Start of EXERCISE DATA

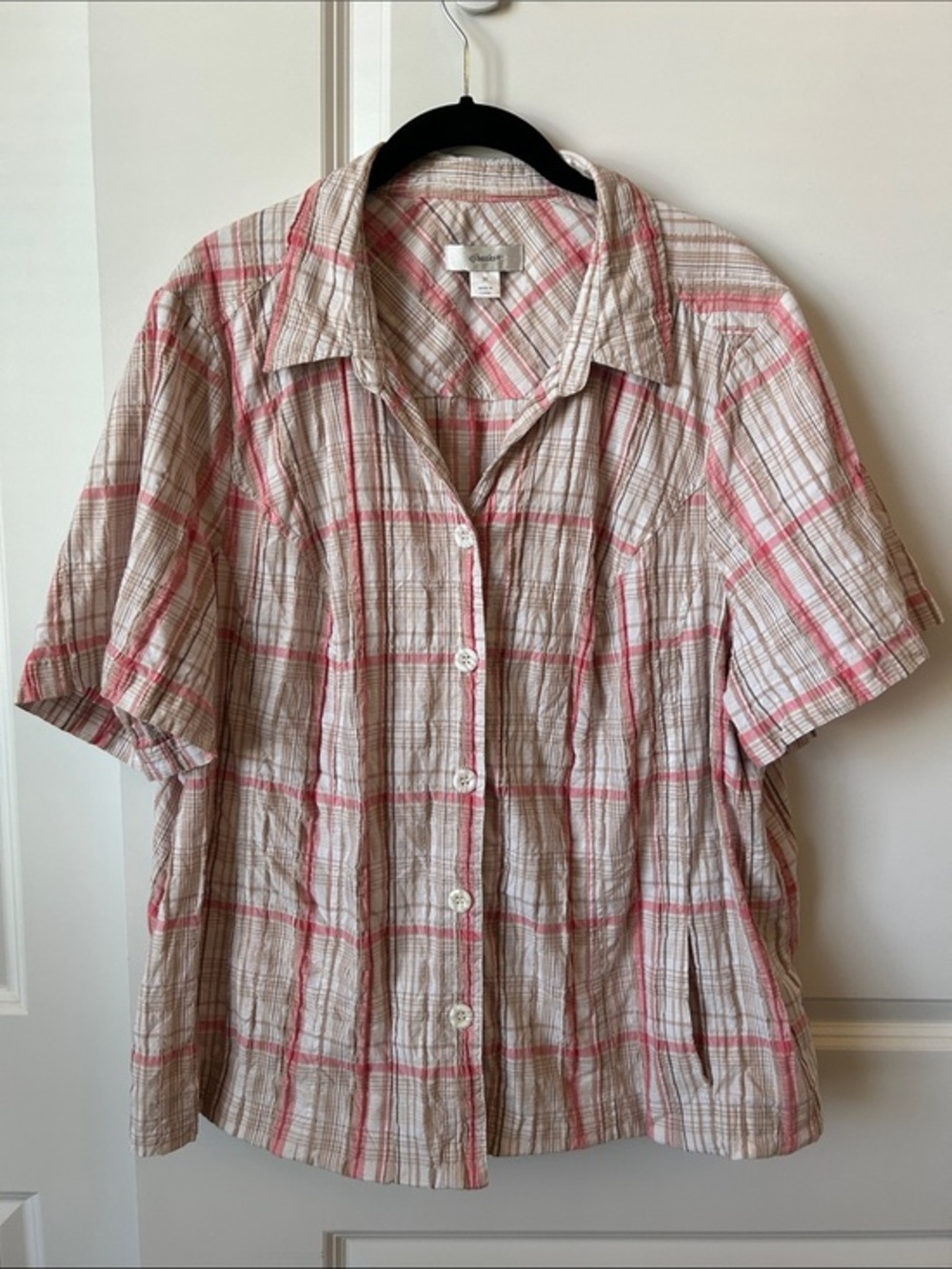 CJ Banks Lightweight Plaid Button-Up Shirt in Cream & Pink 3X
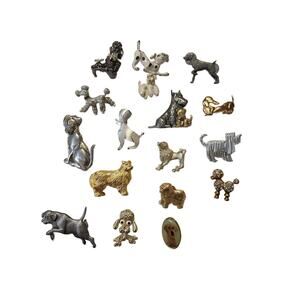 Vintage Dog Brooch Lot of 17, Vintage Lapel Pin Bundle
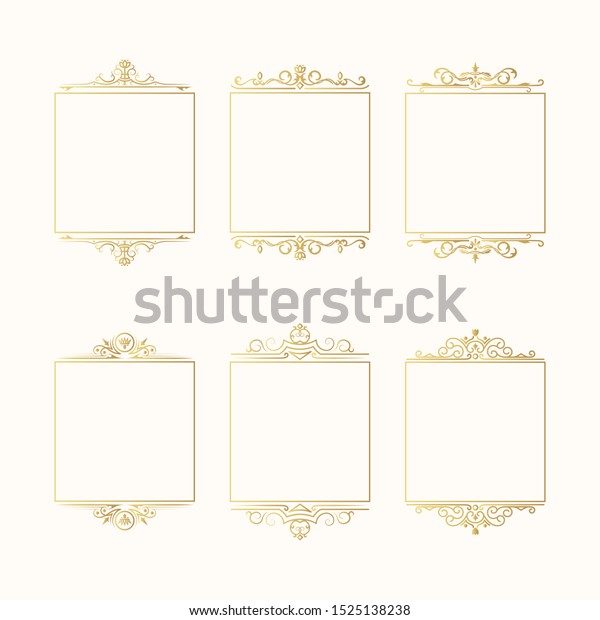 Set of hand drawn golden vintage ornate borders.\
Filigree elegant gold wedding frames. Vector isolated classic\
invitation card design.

End of EXERCISE DATA

*WORK INSTRUCTION:* Write the records above out again word for word, skipping each picture.

*YOUR RESPONSE:*
 CJ Banks Lightweight Plaid Button-Up Shirt in Cream & Pink 3X
 Vintage Dog Brooch Lot of 17, Vintage Lapel Pin Bundle
 Set of hand drawn golden vintage ornate borders.\
Filigree elegant gold wedding frames. Vector isolated classic\
invitation card design.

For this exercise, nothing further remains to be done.